Now I want to use SnapVault via data protection in NMC. I went through the NDMP password setup on all eight hosts. Two of them fail when DFM tries to do an NDMP ping on port 10000 while the other six work fine. These two controllers are an HA pair (FAS3270 model). Yes, NDMP is enabled, as is SnapVault. No there are no firewall issues. I can see all firewall rejections using Splunk and there are none. This was also verified by our networking dept, many times.
The command DFM HOST DIAG (either one of the two IPs for each controller) reports this error:
NDMP Ping Failed (Is NDMP (SnapVault) enabled?)
NetApp tech supports final test was doing an NDMP copy between the two controllers, which works. That verifies that NDMP is working on both controllers.
I really need to use snapvault to back up about 20TB of vital data that is currently not being backed up (I can't snapmirror it I am snapmirroring it but to the same aggr that the snapvault copies will be on).
I have tried setting various NDMPD options, like setting the preferred interface to the 20gb connection that it should be traversing, then also tried the e0M interface.
I have tried using a port other than 10000, but after about 6 weeks of NetApp tech support looking into it, they found that port 10000 is hard-coded in DFM. So that whole attempt was a waste.
I am really desperate for a solution. Any ideas AT ALL are greatly appreciated. Thanks.
2013-09-18 01:42 AM
Do you already have a solution for this behaviour?
I have the same issue.
2013-09-19 08:35 AM
Hi Bart. Nope, nothing new to report on this. I have realized that I don't really have to get these 2 controllers working on port 10000 because I'm going to snapmirror the data to a controller that is working on port 10000 and snapvault the replicated data. I just need to update from DOT 18.104.22.168 to 8.1 on an HA pair because it's failing with a 32-bit to 64-bit volume error message on the snapmirror process.
Let me know if you figure anything out.
UPDATE: I do still want to get this working because I believe I am wasting space by putting the snapmirror and snapvault copies of the data onto the same aggr. It is still transferring the initial snapmirror data, so I don't know how much actual space will be used once it is deduped and everything, but it is saying my 41TB aggr has 52TB of data committed to it, while the source data only occupies 21TB. I have never used snapvault before, so I have plenty to learn. I sure would like to be able to snapvault directly from source to destination, though, and no one has been able to figure it out still.
2014-02-13 03:01 PM
Where you able to resolve this NDMP issue, please let me know. I have same issue. Thanks!
2015-03-26 10:01 AM
Sorry, didn't see your reply over a year ago, but no I never really solved the NDMP issue because it was out of my control and had something to do with our Juniper core switches.
I made a new VM on a different subnet and port 10000 is working from it, so I just now (like an hour ago) got my very first SnapVault job to succeed after 3 years of on-and-off attempts to get it working. I should have made a new VM a long time ago, or just re-IP my existing one.

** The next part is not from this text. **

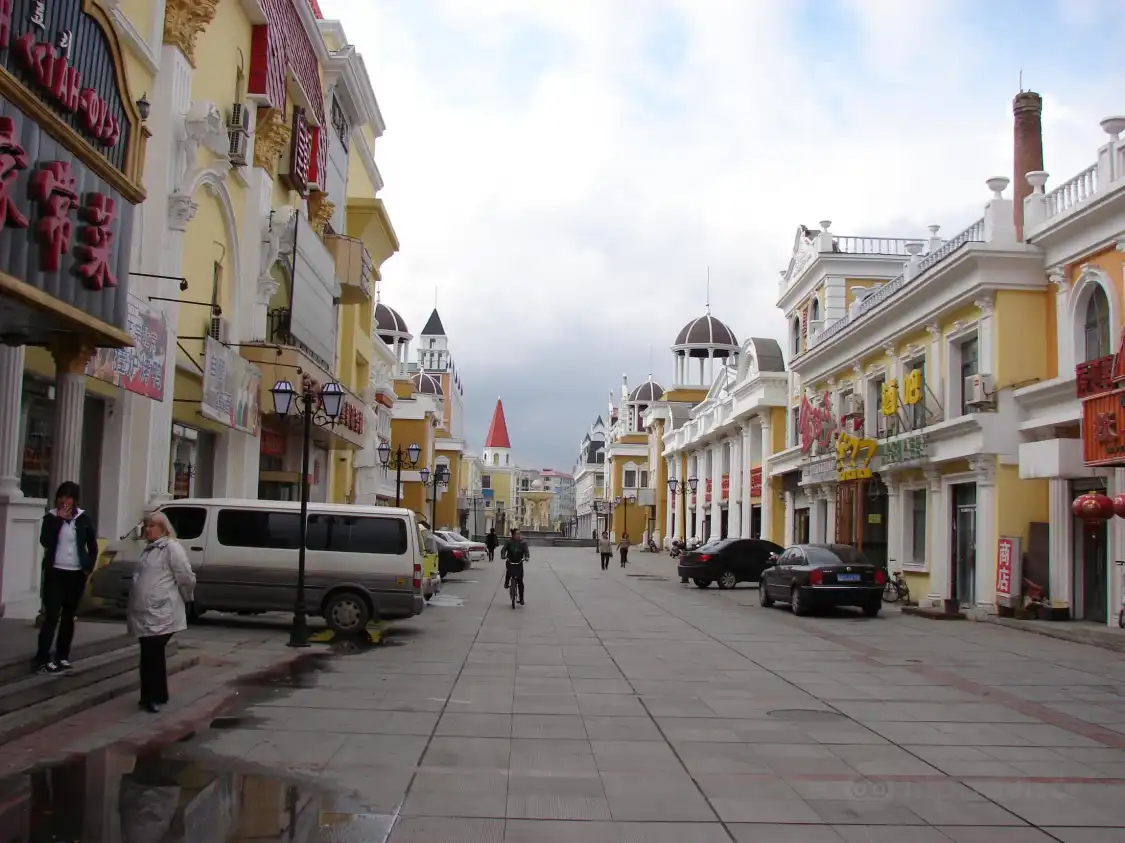 Hotel dekat Hunchun Construction & Decorating Materials Street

Everything I could control was configured correctly, and our virtual firewall was not the problem. It's something with the core switches and the people here that manage those are apparently not that good at it (for example, they updated the core switches and managed to kill every connection on my filers all at the same time. We had NFS traffic down for hours so our VM's on NFS datastores were freaking out). They also couldn't get SNMP traffic to work from my management server to the storage devices. Luckily, the VLAN my new VM is on is configured correctly on our switches, so everything is working (except SNMP is 90% broken again but I believe it's our virtual firewall, no switches, and it was working a few days ago).
Anyway, I'd say if you're having issues getting NDMP to connect, turn on options ndmpd.connectlog.enabled so you can watch NDMP traffic, then try a dfm host diag command. If you see nothing logged when it tries to connect, you know it's got to be a network issue. Then, to test port 10000 easily from any Windows boxes, you can do telnet [your storage system IP here] 10000 and it will attempt to connect on port 10000. Of course you'll need to enable telnet on your SS so telnet will connect and you will know port 10000 works.